Oral LD50 (rat) > 5840 mg/kg bw

Dermal LD 50 (rat) > 2920 mg/kg bw

Inhalative LD50 (rat) > 23300 mg/m³

Key value for chemical safety assessment

Additional information



The acute oral toxicity of hydrocarbons, C7-C9, n-alkanes, isoalkanes, cyclics was tested following a standard method. Two male and two female rats were exposed to 1, 2, 4, or 8 mL/kg of undiluted test substance orally by gavage. The animals were then observed for the next 9 days for mortality. No animals of either sex died during the study. The LD50was > 8 mL/kg for both male and female rats. Based on the density given in the study report, the LD50was calculated to be higher than approx. 5840 mg/kg bw (Shell Chemicals, 1977).

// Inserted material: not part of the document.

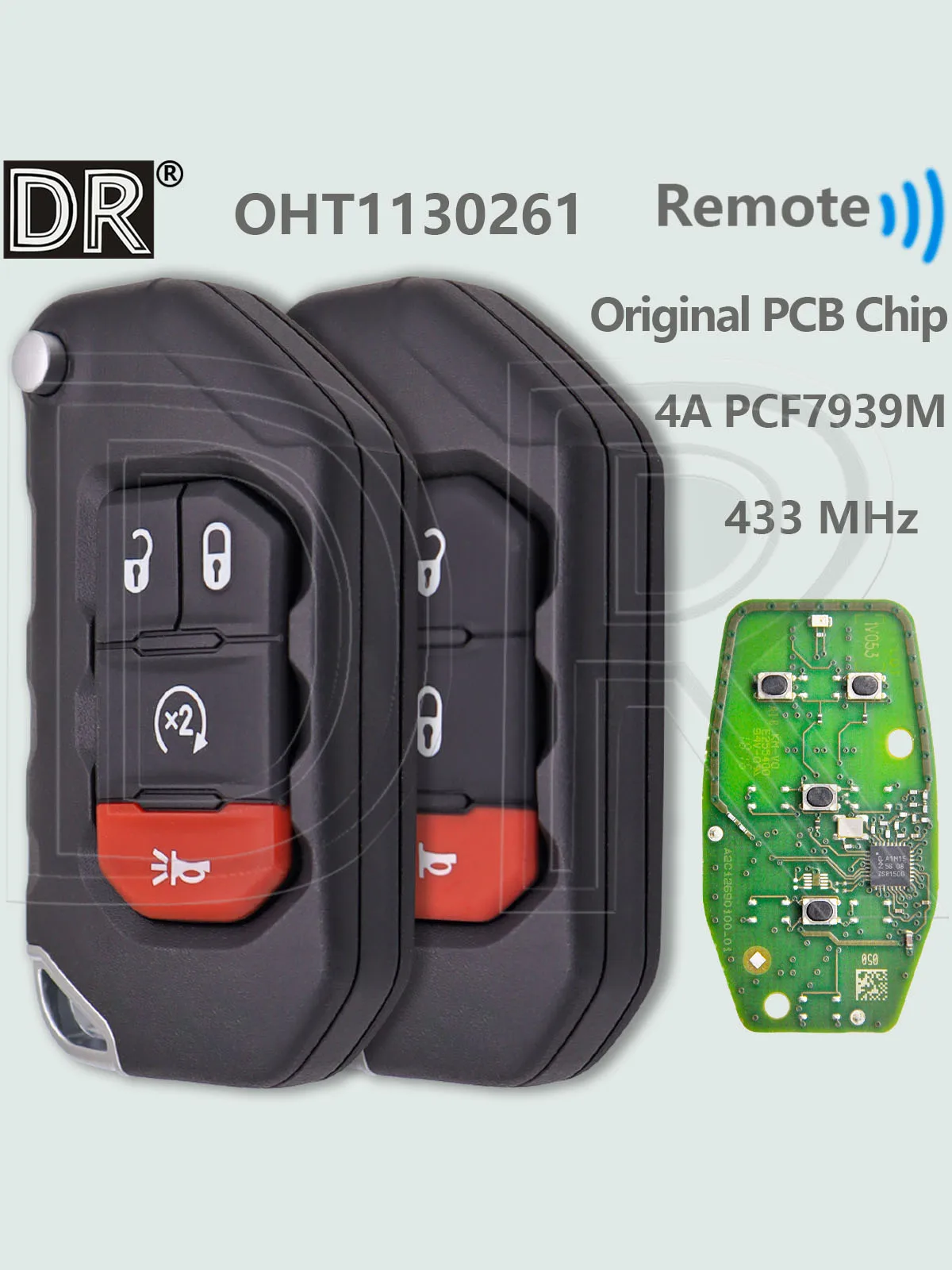 DR OHT1130261 4A Chip 433MHz 68416784 Oryginalny pilot samochodowy z obrotową obudową i układem scalonym do Jeep Wrangler Gladiator 2018 2019 2020 2023 2024 2025 — 2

Wistar rats (5/sex) were exposed via inhalation (whole body) to hydrocarbons, C7-C9, n-alkanes, isoalkanes, cyclics at 23300 mg/m³ for 4 h (similar to OECD 403). Clinical signs during exposure included signs of slight irritation, partial closing of the eyes, lacrimation, a reduced respiration rate and restless behavior. One male rat died during the exposure. The signs recorded during the observation period were hyperactivity and abnormal breathing. Reduced body weight for 1-2 days and reduced food consumption for 1 day following exposure. The lung weight for the decedent rat was high, but within normal limits for the others. The LC50was greater than 23300 mg/m³ (Shell Chemicals, 1988).

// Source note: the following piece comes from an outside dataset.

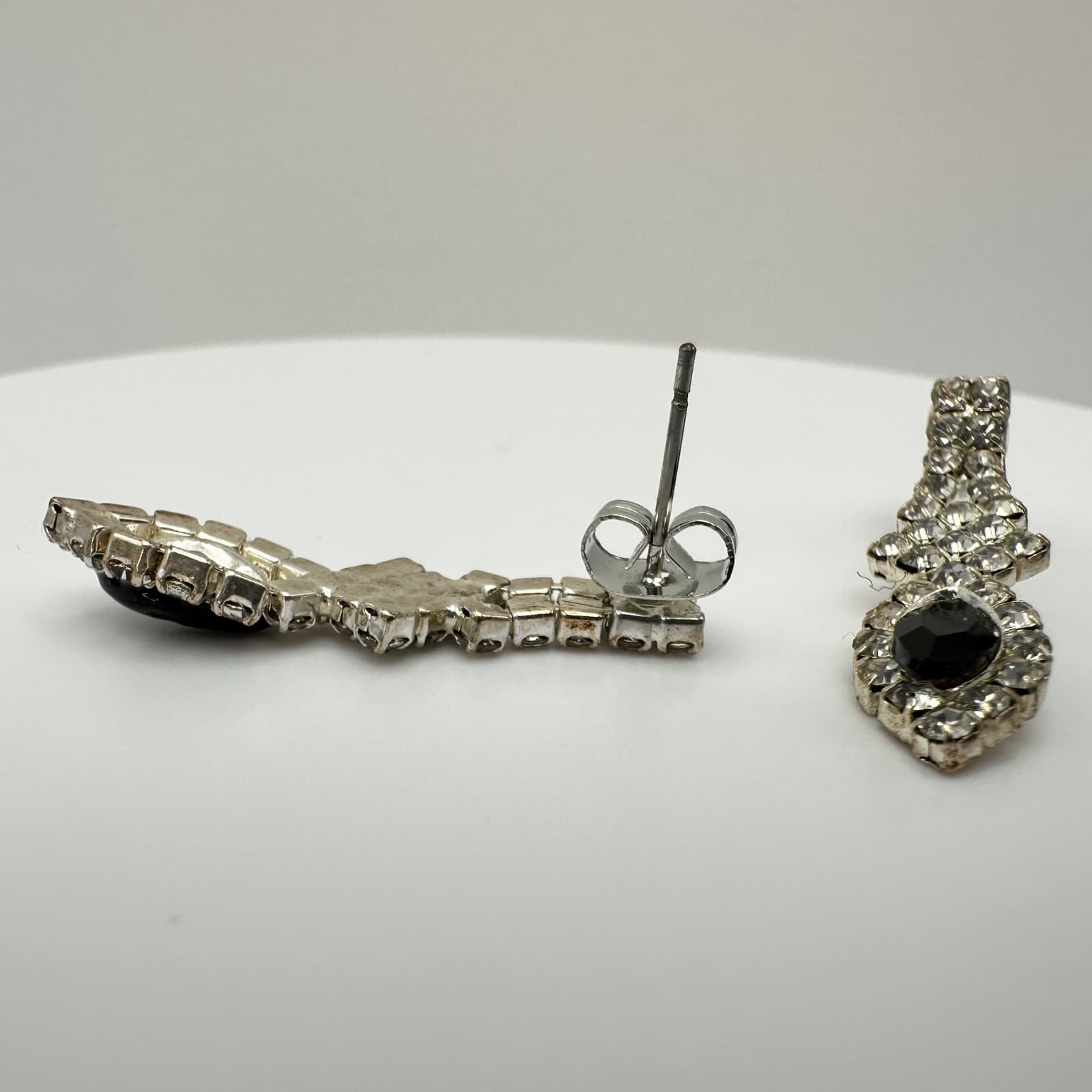 Vintage 80s Silver Tone Jewelry Black Marquise Crystal Rhinestone Drop Earrings - Thumbnail 10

In another study, male and female Charles River CD rats (2/sex/concentration) were exposed via whole body inhalation to hydrocarbons, C7-C9, n-alkanes, isoalkanes, cyclics at 11000, 29000, 33000, 42000, or 49000 mg/m³ for four hours (similar to OECD 403). Clinical signs included mild piloerection, restlessness and tremors of the fore-paws. None of 4 rats died at 33000 mg/m³, 3 of 4 rats died at 42000 mg/m³ and 7/8 rats died at 49000 mg/m³. Before death the rats lapsed into a comatose state, and one animal showed excess salivation and had a blood-stained nasal discharge. Surviving animals exhibited mild excitability on removal from the chamber and slight ataxia was observed, however, this effect disappeared within 1 h after the end of exposure. The animals surviving the exposure also survived the subsequent 14 day observation period. The LC50was 33000 - 42000 mg/m³ (Shell Chemicals, 1977).

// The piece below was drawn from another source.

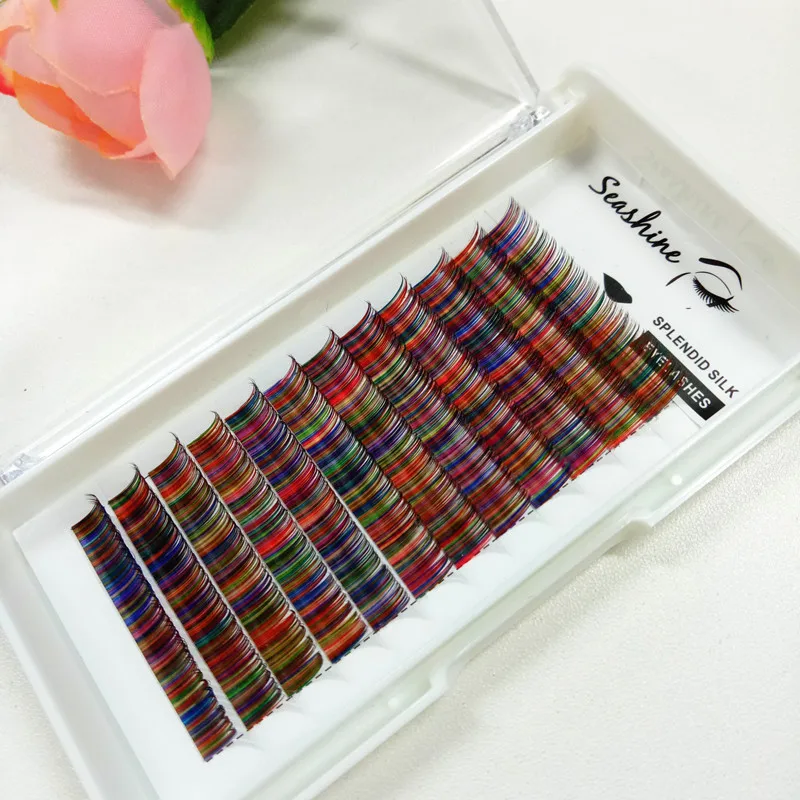 High quality mix color false eyelash individual eyelashes rainbow color eyelash extension for Cosplay party makeup
High quality mix color false eyelash individual eyelashes rainbow color eyelash extension for Cosplay party makeup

Male Wistar rats (10/concentration) were exposed in a further study via whole body inhalation to Ligroine (VM&P Naphatha) at 4400, 9800 or 26000 mg/m³ for four hours (similar to OECD 403). Mortality was 100% at 26000 mg/m³; no deaths at 9800 or 4400 mg/m³. Clinical signs in rats at higher concentrations included eye irritation and central nervous system depression (poor coordination with convulsions preceding death). Rats exposed to 4400 mg/m³ did not exhibit physical signs during or after exposure or during 14 days of observation. Gross necropsy observations of rats that died after 26000 mg/m³ Ligroine (VM& P Naphtha) were congestion of lung and liver. Bile duct proliferation and increased number of leukocytes in sinusoids of the spleen were noted in 3 of 6 livers examined histologically Rats killed 14 days after inhaling 9800 or 4400 mg/m³ for 4 hrs evidenced singly occurring bronchitic effects and extraneous lesions in organs other than the lung. The LC50was 16000 mg/m³ (Carpenteret al., 1975).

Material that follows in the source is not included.